PROBLEM DESCRIPTION: Give an unaltered copy of the listing below, minus its pictures.

DATA PROVIDED:
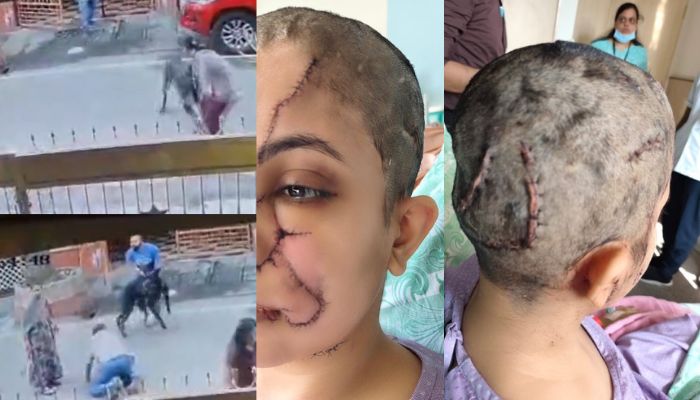 CCTV footage shows pet dog attacking woman during morning walk in Bengaluru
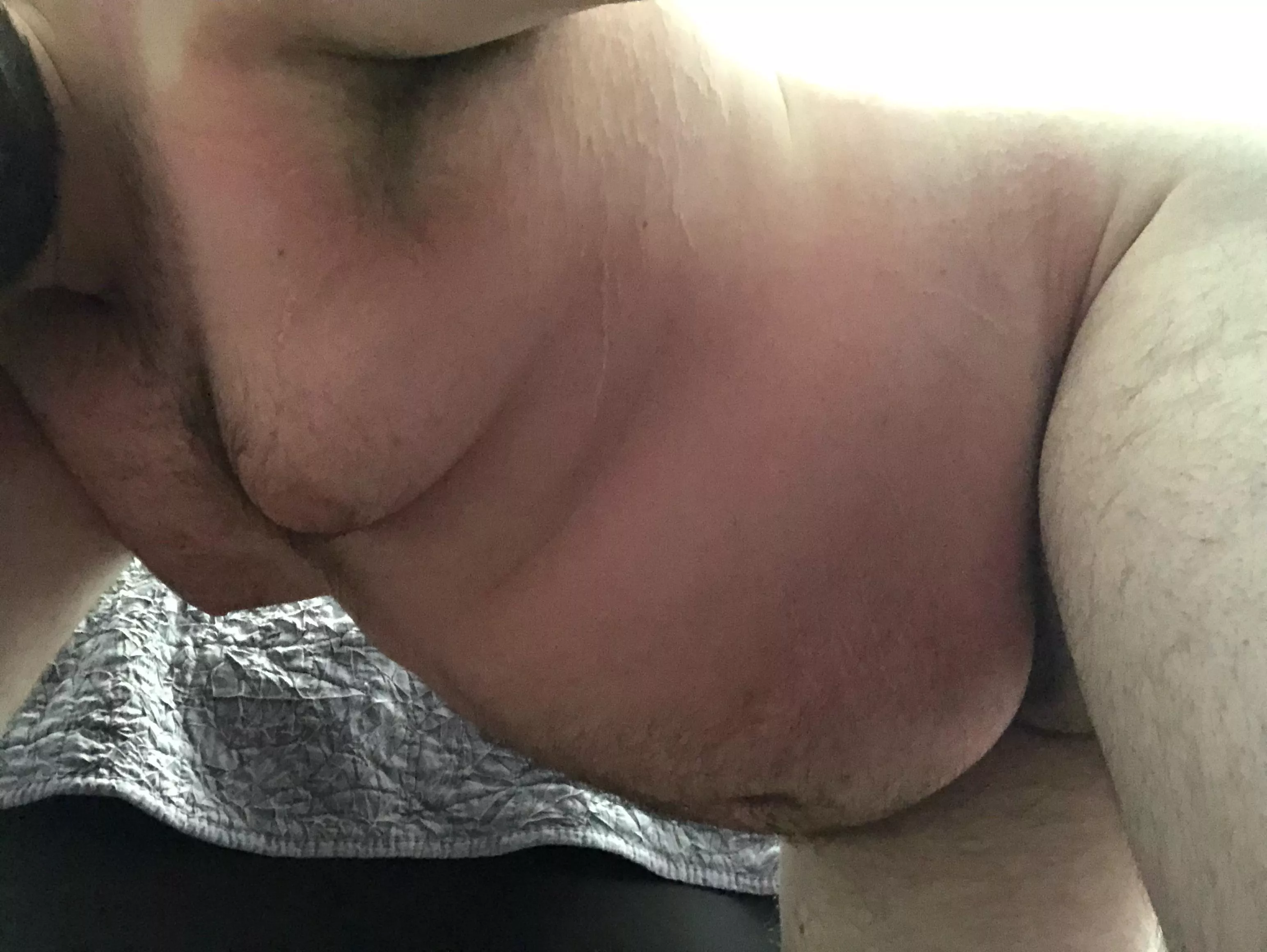 I got so burnt I look like a real piggy 🐷 posted by BigJigglyFatty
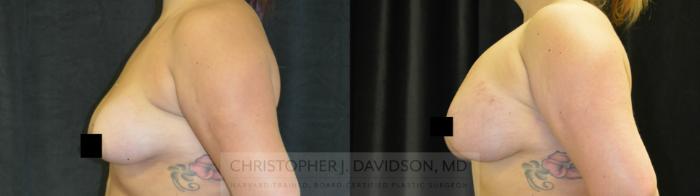 Breast Lift Case 78 Before & After View #3 | Boston, MA | Christopher J. Davidson, MD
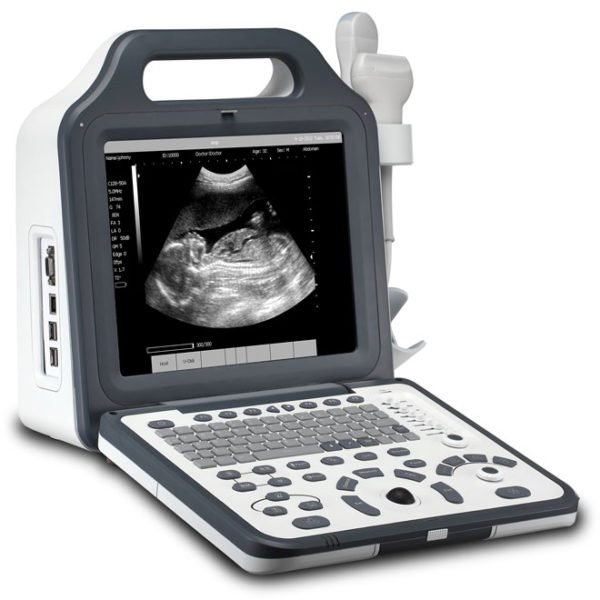 Handheld Wireless Mini B & Color Doppler Ultrasound Scanner NEUPU51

OUTPUT FOR THIS EXERCISE:
 CCTV footage shows pet dog attacking woman during morning walk in Bengaluru
 I got so burnt I look like a real piggy 🐷 posted by BigJigglyFatty
 Breast Lift Case 78 Before & After View #3 | Boston, MA | Christopher J. Davidson, MD
 Handheld Wireless Mini B & Color Doppler Ultrasound Scanner NEUPU51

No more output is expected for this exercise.